In the gorgeous decorations of the house not a little was due to the work and the influence of Mr. Pugin, which added a stimulus, hardly needed, to the architect’s own love of enrichment. The carved and metal work, and generally the purely ornamental details, were designed by Mr. Pugin, under Mr. Barry’s direction, and subject to his frequent alterations; the painted windows were not only designed by Mr. Pugin, but carried out under his superintendence, the architect only stipulating for a sufficient amount of white glass to produce the “jewelled effect” he admired in many ancient windows.[98] The unsightly black effect of these windows at night was a great difficulty; a system of external gas-lighting was adopted to remedy it, but it has since been disused. The ceiling was a subject of much consideration; Mr. Barry wished to produce as much as possible the effect of solid gold, the enrichment of colour being purely subsidiary. His notion always was that decoration, if begun, should be thoroughly carried out, and that only by failure in this respect, and by partiality of decoration, was the effect of tawdriness produced.
The House of Lords he considered as not a mere place of business, not even a mere House of Lords at all, but as the chamber in which the sovereign, surrounded by the court, summoned to the royal presence the three estates of the realm. He thought, therefore, that it should partake of royal magnificence, and lavished upon it all the treasures of decoration.
The House of Commons underwent many changes. The accommodation required by the original instructions, and the recommendation accompanying them, that every member should be brought as near to the Speaker as possible, necessitated enormous size and a nearly square form; but, on consultation with the authorities of the House, it was found that they considered the accommodation, both for members and for strangers, as unnecessarily and inconveniently large, and that the preponderance of their opinion was in favour of the old oblong form. On their authority the width and available accommodation of the House were greatly reduced. The difficulty really lay in this, that, whereas some accommodation must be provided for each of the six hundred and fifty-eight members, yet, for business purposes, the House must not be too large for the comparatively small average attendance. The Government seem to have dwelt more on the former consideration, the authorities of the House, who knew its practical working, on the other. The architect inclined to obey the latter, especially as their orders coincided with the claims of architectural proportion. The consequence of this reduction, as has been elsewhere stated, was great disapprobation by the House of Commons, and the consequent alteration of the chamber, fatal to its architectural effect.
On the subject of the acoustic properties of the House it is right to remark that the difficulties were great and peculiar.
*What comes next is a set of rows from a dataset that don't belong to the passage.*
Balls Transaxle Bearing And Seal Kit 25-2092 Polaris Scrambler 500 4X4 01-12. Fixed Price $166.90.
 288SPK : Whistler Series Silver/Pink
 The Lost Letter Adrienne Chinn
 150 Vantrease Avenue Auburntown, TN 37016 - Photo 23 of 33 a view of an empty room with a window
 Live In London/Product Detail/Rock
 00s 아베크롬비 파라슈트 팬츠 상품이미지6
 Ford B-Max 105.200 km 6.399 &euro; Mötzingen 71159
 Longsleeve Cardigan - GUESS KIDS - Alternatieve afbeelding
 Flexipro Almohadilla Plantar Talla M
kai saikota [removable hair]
In rooms where the speaking is to be from one or two quarters only (as in churches, theatres, or law-courts, in legislative assemblies, where the speaker mounts a “tribune,” &c.), the task is comparatively easy, though even here failure is not unusual. But in the Houses of Parliament a speaker must be audible from every part of the House, even when using that conversational tone which our method of Parliamentary speaking tends to foster. To this is to be added the consideration above alluded to of the fluctuating nature of the attendance. The House of Lords must contain the peers themselves, the sovereign and the court at the upper, the deputies of the Commons at the lower end; yet it is attended usually by a few peers who speak quietly across the table. In the House of Commons the variation of members is less, but the greater pressure of business makes its inconvenience more serious. Add to these the undoubted fact, that very few persons, especially in short conversational remarks, take the trouble to speak distinctly, and use proper modulation of the voice, and that in the case of a new building a certain time seems to be needed (which in the House of Commons was certainly not given), to “season” the House, and accustom the speakers to its pitch, and it will be seen that the architect was not without some plea, to oppose to the censure with which he was so freely visited. Theories he found to be discordant, and time was hardly allowed for experience and trial of remedial measures.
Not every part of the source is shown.